James Hardie shares have lost $3bn and counting since it announced its “friendly” purchase of US rival Azek almost three weeks ago, at a 37 per cent premium to the target’s pre-offer price.
The Australian can reveal the deal comes with a record reverse break fee of $US272m ($450m) if it fails to complete. As if the price weren’t problematic enough, James Hardie has structured the transaction in a way that blocks Australian shareholders from having their say.
Investors are furious they’ve been circumvented from voting on the deal, and can’t call an extraordinary general meeting in time to fire the board because while it’s listed in Australia and loaded with superannuation funds such as AustralianSuper, James Hardie is domiciled in Ireland.
“There are bad acquisitions done in earnest, but I don’t think I’ve seen a more contrived acquisition as this,” says David Pace from Greencape Capital. Pace is not known for outspoken shareholder activism but says in 31 years he has never witnessed “such disdain for shareholders” than in this transaction.
The US is already James Hardie’s biggest market and it’s doubling down on the economy even as President Donald Trump pushes it closer to a recession.
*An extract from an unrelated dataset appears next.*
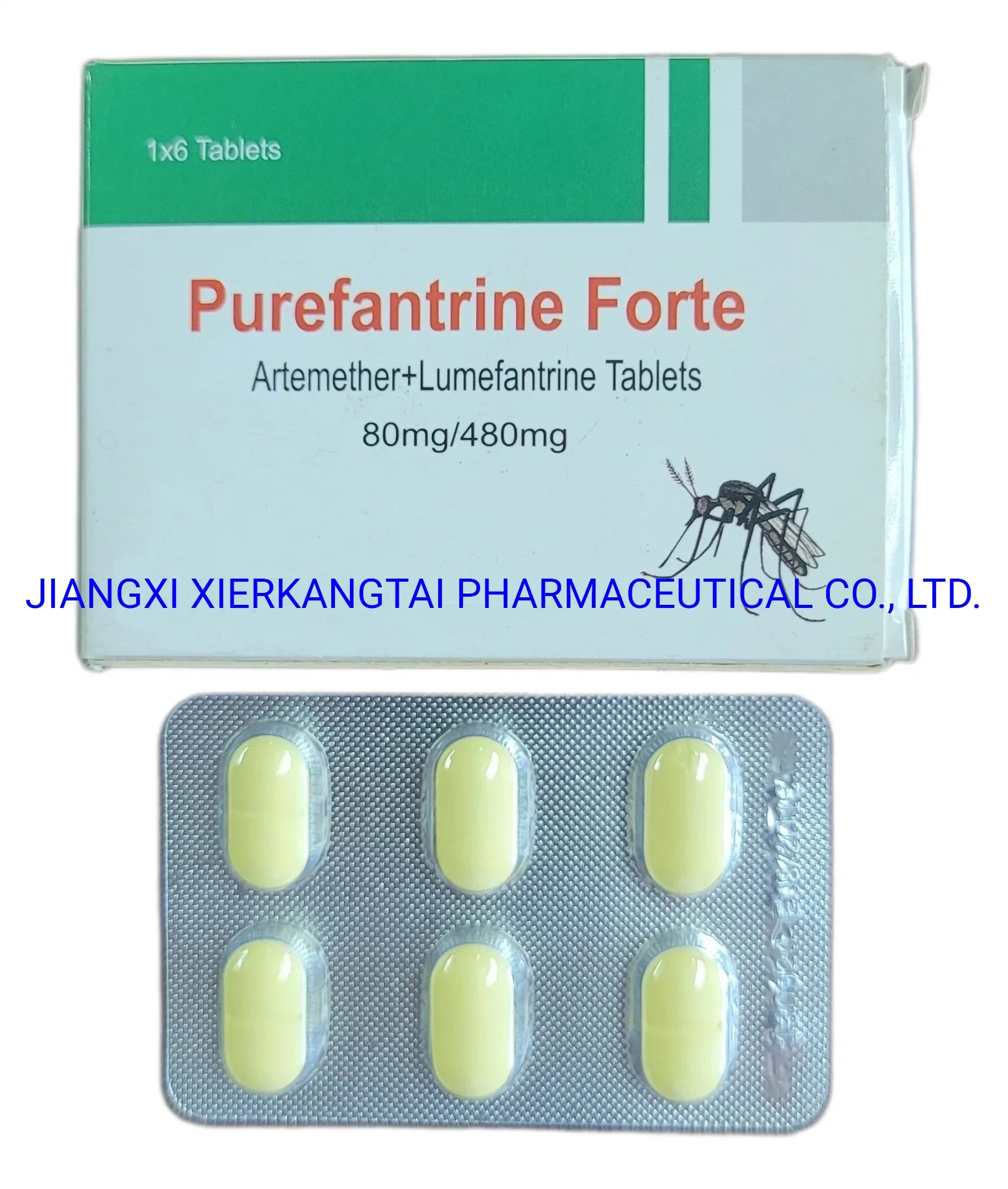 Artéméther Lumefabtrine comprimé 80mg+480mg certifié GMP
A recession would be doubly bad for James Hardie and Azek, which both supply building materials.
James Hardie will help fund the leveraged transaction by issuing new shares (35 per cent) and received a waiver from the ASX to avoid a shareholder vote. After the deal completes it will move its primary listing to the New York Stock Exchange.
“It’s a combination of not getting a vote, making an acquisition that is clearly uneconomic, board appointments that at best are questionable … it’s a fast-tracked way to make the New York Stock Exchange the primary listing, and with that comes lesser hurdles as it pertains to remuneration for executive management,” says Pace.
There have been few deals that the market has loathed as much as the James Hardie takeover of Azek. One was Perpetual’s takeover of Pendal, and before that, Wesfarmers’ top-of-market takeover of Coles.
But as anger mounts, US-based James Hardie chief executive Aaron Erter, who was paid $US21.7m last year, appears unapologetic.
Erter would not respond to written questions on whether he is a close personal friend of the chairman of Azek, Gary Hendrickson, or fellow Azek board member Howard Heckes, both of whom he previously worked with at US paint company Valspar, and both whom will now join the James Hardie board.
It has all the hallmarks of a boys club deal that puts personal connections ahead of shareholders, high-net-worth adviser Alex Pikoulas from Munjarra Capital believes.
“I feel like they’ve overpaid for this transaction and then we feel hoodwinked by the fact they’ve been able to get away with overpaying by getting around the requirements of a shareholder vote,” Pikoulas says.
Leaving nothing to chance, James Hardie buried its $US272m break fee on page 130 of one of four sets of documents released as part of the takeover announcement three weeks ago. It is 17 per cent higher than the previous record fee agreed on a deal twice as big: Square’s $39bn acquisition of Afterpay.
Due diligence
Azek shareholders will get to vote on the transaction and will not pay any break fee if the deal does not proceed.
It’s not just the sharemarket collapse that makes the deal less attractive by the day, but the apparent lack of due diligence around it.
Pace had owned James Hardie shares for more than 30 years, but sold down his position after grilling US-based chair Anne Lloyd and chief financial officer Rachel Wilson for more details and coming back unconvinced.
“When I pushed the chair on the type of due diligence they did there, she could offer up nothing specific,” says Pace. “They’ve spent a lot more time on the deal architecture than they have due diligence on this business. The CFO could not tell me what Azek’s cost base was. The CFO could not tell me the intangibles on its balance sheet. That’s extraordinary.”
Unfortunately for Australian shareholders who do not like the deal, there seems to be none of the usual recourse.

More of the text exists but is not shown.